- The problem
Write out, from the entries below, exactly the lines that run between the lines holding "Poster Various types" and "Duravit Vero Metallkonsole", inclusive, and stop there.

Scraped caption text data:
::::::

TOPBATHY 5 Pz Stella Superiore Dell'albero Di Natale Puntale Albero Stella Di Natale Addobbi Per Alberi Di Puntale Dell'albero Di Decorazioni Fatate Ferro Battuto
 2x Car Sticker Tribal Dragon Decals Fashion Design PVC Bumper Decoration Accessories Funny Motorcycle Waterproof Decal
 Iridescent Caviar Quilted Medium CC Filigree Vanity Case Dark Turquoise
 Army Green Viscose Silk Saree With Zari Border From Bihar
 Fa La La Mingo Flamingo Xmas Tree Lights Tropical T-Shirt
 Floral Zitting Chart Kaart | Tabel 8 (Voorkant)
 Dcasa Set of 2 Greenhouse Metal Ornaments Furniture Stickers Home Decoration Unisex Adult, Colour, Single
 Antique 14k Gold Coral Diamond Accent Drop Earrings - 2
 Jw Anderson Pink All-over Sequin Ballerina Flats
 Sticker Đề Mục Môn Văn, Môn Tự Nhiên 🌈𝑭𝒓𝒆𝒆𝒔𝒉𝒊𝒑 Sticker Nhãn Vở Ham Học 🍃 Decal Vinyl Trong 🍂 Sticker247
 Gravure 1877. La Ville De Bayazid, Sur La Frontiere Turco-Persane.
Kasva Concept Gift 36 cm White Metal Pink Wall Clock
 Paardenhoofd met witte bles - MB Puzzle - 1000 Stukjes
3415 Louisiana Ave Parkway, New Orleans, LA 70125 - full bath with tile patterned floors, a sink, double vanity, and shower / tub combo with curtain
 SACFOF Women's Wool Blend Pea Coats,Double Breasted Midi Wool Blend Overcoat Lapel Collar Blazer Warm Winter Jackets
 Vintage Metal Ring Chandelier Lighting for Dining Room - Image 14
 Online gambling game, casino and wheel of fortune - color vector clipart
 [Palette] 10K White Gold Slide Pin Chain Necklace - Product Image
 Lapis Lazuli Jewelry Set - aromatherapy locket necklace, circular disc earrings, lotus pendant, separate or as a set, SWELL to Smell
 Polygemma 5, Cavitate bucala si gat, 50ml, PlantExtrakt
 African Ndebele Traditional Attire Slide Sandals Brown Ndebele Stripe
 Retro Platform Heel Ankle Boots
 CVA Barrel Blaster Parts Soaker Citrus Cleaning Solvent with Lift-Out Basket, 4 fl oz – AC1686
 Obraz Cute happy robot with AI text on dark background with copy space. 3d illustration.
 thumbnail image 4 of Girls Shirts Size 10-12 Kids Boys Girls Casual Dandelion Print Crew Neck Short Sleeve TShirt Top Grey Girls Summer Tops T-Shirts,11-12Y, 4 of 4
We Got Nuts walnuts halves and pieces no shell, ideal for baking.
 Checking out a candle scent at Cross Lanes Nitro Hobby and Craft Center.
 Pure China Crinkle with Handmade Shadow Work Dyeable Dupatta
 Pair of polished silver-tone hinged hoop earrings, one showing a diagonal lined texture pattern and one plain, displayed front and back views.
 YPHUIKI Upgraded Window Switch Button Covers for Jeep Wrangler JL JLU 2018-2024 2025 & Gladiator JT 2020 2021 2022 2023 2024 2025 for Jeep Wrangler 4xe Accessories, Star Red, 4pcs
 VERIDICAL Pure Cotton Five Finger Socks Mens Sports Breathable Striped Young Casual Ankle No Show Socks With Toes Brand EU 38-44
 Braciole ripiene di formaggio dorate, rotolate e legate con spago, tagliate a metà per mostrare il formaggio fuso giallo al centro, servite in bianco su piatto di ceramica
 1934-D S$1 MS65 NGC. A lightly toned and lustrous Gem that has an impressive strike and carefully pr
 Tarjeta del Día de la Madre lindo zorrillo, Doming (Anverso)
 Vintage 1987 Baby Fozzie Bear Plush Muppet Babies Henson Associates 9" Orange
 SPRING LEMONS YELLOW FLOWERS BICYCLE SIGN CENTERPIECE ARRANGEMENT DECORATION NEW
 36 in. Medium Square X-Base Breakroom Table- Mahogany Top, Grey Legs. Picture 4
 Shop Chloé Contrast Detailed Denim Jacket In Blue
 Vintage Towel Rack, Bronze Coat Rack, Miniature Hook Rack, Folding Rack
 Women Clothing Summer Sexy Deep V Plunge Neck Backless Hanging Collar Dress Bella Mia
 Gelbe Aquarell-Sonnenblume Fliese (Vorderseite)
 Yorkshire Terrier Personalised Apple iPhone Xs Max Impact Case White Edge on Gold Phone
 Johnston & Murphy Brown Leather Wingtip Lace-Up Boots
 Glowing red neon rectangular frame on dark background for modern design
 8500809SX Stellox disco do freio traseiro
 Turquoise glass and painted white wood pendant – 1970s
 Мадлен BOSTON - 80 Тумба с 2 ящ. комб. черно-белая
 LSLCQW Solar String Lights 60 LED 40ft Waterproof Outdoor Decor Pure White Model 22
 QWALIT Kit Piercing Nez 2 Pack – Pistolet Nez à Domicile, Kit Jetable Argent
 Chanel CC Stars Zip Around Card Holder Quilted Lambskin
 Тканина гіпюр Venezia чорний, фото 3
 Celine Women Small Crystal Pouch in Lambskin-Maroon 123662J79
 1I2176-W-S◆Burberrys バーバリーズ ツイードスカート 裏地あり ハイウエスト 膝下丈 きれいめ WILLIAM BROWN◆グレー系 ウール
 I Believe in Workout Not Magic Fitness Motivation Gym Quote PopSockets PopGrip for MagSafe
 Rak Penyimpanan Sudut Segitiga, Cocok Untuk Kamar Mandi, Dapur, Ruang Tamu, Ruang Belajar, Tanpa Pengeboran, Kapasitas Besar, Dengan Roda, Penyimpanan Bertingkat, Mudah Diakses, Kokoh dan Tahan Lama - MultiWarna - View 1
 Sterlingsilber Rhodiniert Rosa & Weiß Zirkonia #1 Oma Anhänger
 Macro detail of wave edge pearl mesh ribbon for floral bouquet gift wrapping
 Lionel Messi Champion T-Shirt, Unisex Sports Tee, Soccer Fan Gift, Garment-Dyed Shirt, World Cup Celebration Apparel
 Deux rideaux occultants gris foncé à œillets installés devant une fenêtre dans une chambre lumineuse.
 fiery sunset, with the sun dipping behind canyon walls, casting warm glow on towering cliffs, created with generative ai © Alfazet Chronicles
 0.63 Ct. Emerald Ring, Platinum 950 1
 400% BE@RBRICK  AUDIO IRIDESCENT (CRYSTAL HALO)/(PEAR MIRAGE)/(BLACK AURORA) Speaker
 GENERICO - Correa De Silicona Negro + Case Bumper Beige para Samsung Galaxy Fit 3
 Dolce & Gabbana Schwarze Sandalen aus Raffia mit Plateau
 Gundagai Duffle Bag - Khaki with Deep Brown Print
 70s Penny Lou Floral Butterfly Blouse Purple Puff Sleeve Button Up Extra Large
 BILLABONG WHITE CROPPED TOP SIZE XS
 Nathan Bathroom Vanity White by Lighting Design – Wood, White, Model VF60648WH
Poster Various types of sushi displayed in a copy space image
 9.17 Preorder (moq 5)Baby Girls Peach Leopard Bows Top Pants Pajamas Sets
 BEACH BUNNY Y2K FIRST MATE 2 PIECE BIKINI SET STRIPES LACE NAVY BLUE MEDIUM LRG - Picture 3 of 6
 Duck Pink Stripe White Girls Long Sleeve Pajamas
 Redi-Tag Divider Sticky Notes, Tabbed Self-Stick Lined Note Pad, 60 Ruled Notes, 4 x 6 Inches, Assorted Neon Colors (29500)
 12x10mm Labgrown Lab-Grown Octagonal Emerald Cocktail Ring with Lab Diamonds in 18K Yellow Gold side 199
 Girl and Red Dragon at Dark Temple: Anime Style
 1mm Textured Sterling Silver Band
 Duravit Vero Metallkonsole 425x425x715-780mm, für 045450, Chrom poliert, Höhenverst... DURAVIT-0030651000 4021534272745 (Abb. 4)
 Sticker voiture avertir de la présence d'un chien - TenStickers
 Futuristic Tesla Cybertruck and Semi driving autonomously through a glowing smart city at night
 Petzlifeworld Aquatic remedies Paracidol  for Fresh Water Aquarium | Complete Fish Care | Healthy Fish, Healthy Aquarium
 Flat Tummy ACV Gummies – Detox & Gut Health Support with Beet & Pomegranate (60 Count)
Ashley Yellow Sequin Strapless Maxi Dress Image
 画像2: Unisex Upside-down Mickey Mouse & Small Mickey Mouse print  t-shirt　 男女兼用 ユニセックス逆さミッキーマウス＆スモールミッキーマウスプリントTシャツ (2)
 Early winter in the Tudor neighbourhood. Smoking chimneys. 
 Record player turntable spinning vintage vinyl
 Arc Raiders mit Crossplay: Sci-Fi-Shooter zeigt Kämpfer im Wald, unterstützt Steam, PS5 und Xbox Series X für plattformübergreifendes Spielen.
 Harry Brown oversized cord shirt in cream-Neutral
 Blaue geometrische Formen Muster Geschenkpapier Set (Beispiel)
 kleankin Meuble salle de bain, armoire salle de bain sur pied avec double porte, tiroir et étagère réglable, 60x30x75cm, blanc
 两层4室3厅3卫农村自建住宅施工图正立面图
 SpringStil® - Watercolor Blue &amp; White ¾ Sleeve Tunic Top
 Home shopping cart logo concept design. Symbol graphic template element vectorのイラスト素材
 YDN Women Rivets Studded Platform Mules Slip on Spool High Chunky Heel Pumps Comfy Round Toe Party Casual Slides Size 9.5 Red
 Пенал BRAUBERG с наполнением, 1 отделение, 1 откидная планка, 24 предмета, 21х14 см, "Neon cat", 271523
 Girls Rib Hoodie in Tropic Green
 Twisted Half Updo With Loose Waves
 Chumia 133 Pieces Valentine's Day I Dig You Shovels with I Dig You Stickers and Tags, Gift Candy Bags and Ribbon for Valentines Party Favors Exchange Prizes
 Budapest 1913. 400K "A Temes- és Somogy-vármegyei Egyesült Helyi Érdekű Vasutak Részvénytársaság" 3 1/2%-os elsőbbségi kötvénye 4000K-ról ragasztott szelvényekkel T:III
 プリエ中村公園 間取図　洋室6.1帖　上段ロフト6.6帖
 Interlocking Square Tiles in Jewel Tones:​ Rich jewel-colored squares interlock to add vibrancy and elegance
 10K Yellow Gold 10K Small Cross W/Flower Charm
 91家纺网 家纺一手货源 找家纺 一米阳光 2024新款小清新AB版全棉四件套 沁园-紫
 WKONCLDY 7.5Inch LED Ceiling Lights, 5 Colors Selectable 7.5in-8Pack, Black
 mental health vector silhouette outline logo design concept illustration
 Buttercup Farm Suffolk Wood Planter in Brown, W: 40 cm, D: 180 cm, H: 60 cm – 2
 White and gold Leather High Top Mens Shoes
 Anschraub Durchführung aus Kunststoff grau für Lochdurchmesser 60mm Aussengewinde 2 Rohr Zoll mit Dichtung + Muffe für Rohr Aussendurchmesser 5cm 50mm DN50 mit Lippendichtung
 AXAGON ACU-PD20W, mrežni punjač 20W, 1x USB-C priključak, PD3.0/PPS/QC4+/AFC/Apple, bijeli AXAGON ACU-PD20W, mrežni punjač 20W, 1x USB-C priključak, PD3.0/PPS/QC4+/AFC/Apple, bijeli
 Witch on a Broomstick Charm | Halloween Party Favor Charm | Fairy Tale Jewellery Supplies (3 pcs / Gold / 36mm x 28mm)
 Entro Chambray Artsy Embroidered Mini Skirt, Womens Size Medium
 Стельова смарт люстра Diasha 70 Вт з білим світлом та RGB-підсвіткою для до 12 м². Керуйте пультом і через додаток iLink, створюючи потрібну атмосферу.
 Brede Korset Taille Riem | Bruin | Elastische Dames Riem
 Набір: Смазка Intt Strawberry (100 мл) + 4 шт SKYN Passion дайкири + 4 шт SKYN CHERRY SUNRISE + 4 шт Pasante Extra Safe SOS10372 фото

::::::

- Exercise result
Poster Various types of sushi displayed in a copy space image
 9.17 Preorder (moq 5)Baby Girls Peach Leopard Bows Top Pants Pajamas Sets
 BEACH BUNNY Y2K FIRST MATE 2 PIECE BIKINI SET STRIPES LACE NAVY BLUE MEDIUM LRG - Picture 3 of 6
 Duck Pink Stripe White Girls Long Sleeve Pajamas
 Redi-Tag Divider Sticky Notes, Tabbed Self-Stick Lined Note Pad, 60 Ruled Notes, 4 x 6 Inches, Assorted Neon Colors (29500)
 12x10mm Labgrown Lab-Grown Octagonal Emerald Cocktail Ring with Lab Diamonds in 18K Yellow Gold side 199
 Girl and Red Dragon at Dark Temple: Anime Style
 1mm Textured Sterling Silver Band
 Duravit Vero Metallkonsole 425x425x715-780mm, für 045450, Chrom poliert, Höhenverst... DURAVIT-0030651000 4021534272745 (Abb. 4)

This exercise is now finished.